++++ Available data

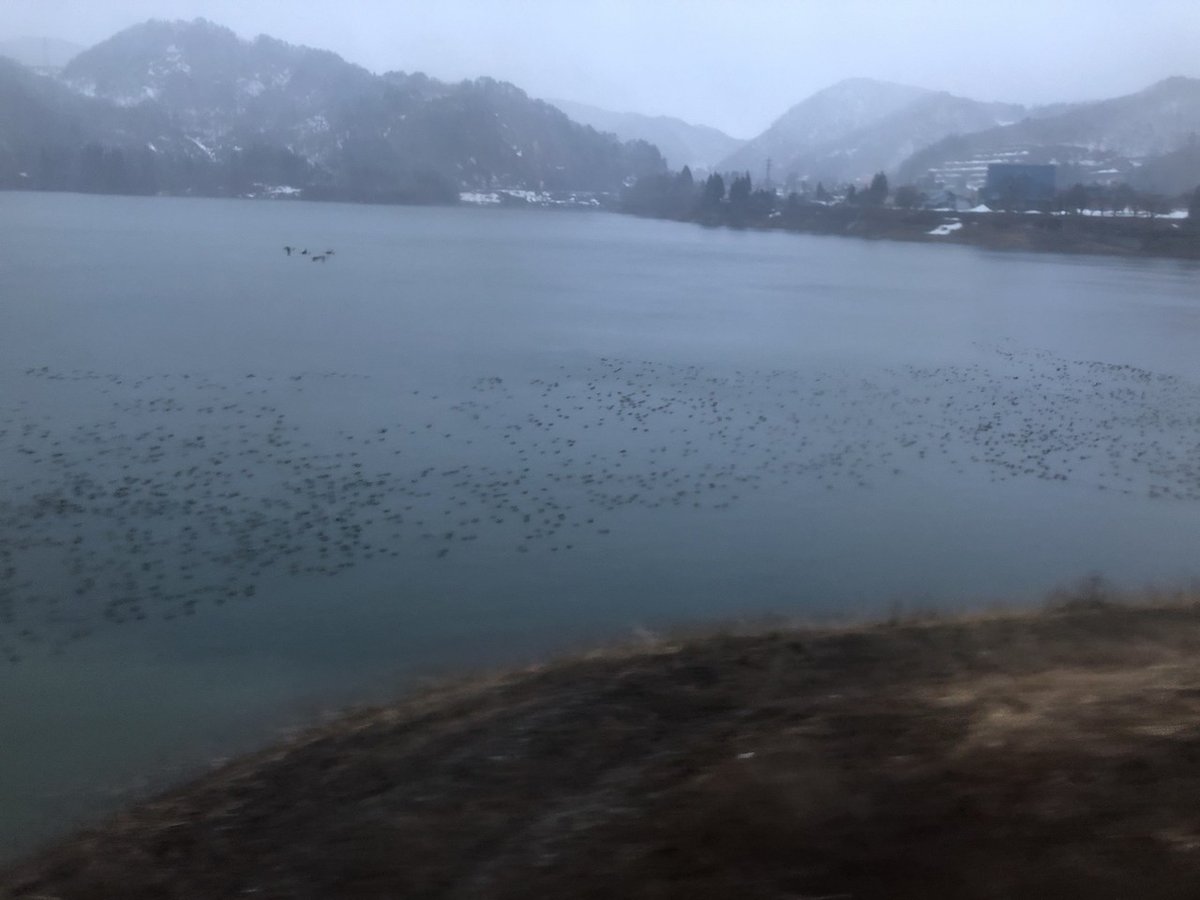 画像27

++++++++
++++ Available data

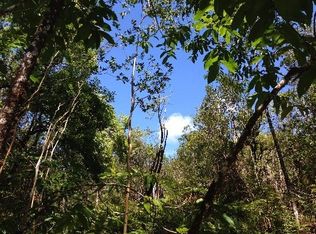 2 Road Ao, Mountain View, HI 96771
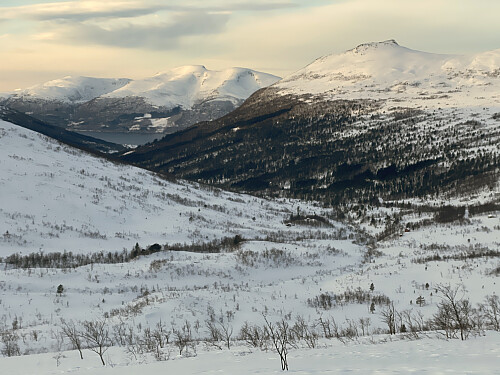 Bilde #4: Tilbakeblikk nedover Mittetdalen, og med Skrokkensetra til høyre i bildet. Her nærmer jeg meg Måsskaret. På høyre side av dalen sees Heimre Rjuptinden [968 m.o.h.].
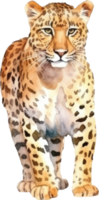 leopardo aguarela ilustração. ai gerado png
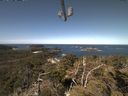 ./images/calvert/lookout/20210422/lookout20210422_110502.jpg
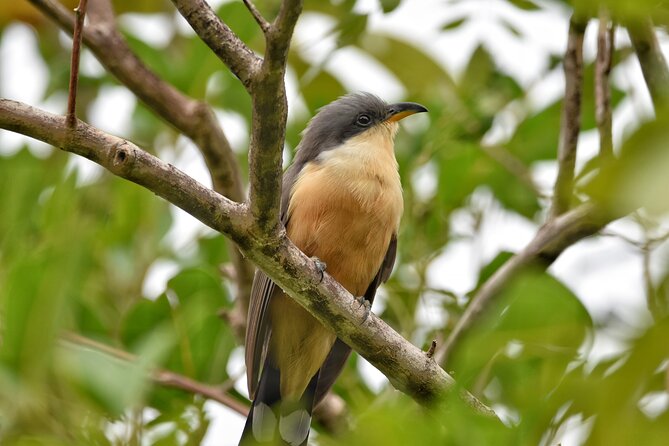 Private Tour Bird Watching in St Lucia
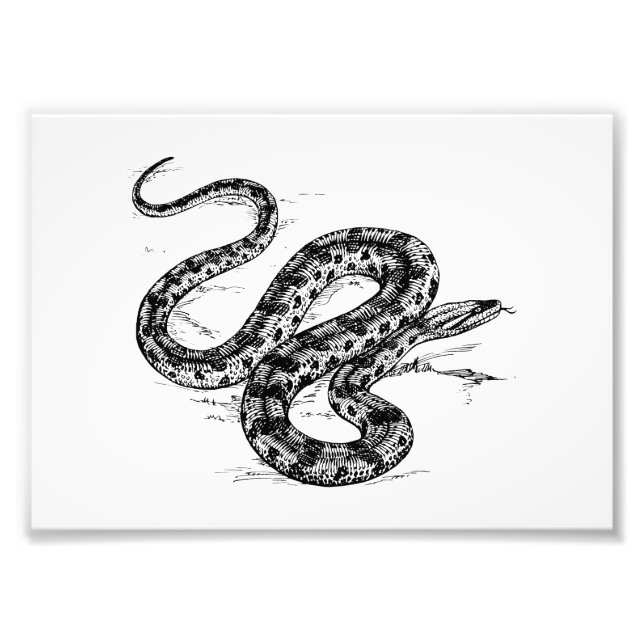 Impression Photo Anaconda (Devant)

++++++++

## Task brief
Would you transcribe the lines above exactly, going from the line bearing "Bilde #4: Tilbakeblikk" through the line bearing "Impression Photo Anaconda (Devant)", and drop the pictures from the copy?

## Written solution
 Bilde #4: Tilbakeblikk nedover Mittetdalen, og med Skrokkensetra til høyre i bildet. Her nærmer jeg meg Måsskaret. På høyre side av dalen sees Heimre Rjuptinden [968 m.o.h.].
 leopardo aguarela ilustração. ai gerado png
 ./images/calvert/lookout/20210422/lookout20210422_110502.jpg
 Private Tour Bird Watching in St Lucia
 Impression Photo Anaconda (Devant)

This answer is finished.